Exercise description: Scan the entries line by line and return those with "Bracelet".

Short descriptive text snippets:

_ _ _ _ _

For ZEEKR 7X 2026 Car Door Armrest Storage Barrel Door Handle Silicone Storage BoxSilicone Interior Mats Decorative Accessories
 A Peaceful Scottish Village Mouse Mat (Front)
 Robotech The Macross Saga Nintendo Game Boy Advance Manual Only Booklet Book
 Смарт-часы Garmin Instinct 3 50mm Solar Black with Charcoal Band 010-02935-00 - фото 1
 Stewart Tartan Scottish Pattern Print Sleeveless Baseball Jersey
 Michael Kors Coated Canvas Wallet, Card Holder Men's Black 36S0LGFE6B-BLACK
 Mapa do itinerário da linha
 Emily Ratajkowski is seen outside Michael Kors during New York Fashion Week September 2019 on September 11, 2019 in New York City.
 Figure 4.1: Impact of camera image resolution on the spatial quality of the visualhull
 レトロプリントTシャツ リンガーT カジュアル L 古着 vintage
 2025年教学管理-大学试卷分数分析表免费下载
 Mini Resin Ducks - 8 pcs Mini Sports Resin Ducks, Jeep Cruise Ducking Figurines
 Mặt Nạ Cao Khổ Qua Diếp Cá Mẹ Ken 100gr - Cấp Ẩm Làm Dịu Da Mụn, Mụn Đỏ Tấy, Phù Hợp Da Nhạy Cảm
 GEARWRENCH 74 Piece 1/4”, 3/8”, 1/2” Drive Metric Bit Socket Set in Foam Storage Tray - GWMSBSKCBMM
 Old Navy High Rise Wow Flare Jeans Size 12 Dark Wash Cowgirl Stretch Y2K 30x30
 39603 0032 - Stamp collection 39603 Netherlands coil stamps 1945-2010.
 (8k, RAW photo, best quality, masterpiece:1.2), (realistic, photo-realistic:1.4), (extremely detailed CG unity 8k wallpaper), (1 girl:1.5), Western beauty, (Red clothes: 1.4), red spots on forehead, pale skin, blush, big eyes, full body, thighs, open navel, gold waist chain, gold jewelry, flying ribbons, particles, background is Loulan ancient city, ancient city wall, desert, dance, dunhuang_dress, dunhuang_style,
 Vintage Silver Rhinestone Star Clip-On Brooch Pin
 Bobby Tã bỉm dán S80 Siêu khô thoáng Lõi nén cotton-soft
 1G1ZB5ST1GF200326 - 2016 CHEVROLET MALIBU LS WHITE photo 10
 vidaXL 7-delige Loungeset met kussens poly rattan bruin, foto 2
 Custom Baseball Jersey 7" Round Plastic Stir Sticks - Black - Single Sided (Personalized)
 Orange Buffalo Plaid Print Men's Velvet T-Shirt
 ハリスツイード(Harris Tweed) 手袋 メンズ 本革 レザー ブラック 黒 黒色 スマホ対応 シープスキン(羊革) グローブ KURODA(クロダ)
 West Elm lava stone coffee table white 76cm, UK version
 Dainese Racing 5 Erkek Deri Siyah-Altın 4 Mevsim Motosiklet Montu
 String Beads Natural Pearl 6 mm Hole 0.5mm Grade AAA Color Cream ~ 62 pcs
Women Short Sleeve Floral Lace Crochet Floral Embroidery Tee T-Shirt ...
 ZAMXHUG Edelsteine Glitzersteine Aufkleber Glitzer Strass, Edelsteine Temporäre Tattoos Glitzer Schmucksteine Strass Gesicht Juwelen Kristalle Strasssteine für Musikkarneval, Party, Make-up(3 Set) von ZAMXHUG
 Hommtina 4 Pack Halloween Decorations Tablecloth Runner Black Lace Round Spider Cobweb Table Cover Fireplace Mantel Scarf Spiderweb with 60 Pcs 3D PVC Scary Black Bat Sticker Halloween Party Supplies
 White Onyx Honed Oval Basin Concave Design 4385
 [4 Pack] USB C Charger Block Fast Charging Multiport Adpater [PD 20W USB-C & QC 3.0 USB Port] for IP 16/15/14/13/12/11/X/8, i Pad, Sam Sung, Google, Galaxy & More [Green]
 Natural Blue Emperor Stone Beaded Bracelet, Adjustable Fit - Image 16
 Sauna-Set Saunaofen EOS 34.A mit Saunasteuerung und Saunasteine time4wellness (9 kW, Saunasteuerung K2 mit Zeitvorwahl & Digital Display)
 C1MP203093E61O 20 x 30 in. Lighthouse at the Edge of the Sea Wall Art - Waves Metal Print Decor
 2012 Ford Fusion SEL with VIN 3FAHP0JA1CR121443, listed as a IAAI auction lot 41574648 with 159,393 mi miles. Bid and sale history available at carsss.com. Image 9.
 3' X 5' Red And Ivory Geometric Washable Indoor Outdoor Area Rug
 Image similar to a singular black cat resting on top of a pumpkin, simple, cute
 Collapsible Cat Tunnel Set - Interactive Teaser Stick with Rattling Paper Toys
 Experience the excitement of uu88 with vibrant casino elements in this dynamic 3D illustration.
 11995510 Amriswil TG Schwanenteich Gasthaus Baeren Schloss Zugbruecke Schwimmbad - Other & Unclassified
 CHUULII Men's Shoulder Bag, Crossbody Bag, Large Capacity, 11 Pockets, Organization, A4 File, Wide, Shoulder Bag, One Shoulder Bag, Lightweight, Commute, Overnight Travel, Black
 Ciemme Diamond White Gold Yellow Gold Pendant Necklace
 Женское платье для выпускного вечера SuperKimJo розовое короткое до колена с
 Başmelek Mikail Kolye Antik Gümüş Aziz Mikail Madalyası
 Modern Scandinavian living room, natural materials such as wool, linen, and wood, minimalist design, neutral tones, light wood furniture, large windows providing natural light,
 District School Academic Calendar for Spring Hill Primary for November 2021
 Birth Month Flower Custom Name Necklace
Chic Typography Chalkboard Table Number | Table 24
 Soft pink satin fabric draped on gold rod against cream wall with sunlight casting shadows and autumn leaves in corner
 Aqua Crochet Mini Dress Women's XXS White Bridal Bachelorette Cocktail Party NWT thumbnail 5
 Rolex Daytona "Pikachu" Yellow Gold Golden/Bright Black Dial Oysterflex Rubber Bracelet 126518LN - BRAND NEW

_ _ _ _ _

Expected output:
 Natural Blue Emperor Stone Beaded Bracelet, Adjustable Fit - Image 16
 Rolex Daytona "Pikachu" Yellow Gold Golden/Bright Black Dial Oysterflex Rubber Bracelet 126518LN - BRAND NEW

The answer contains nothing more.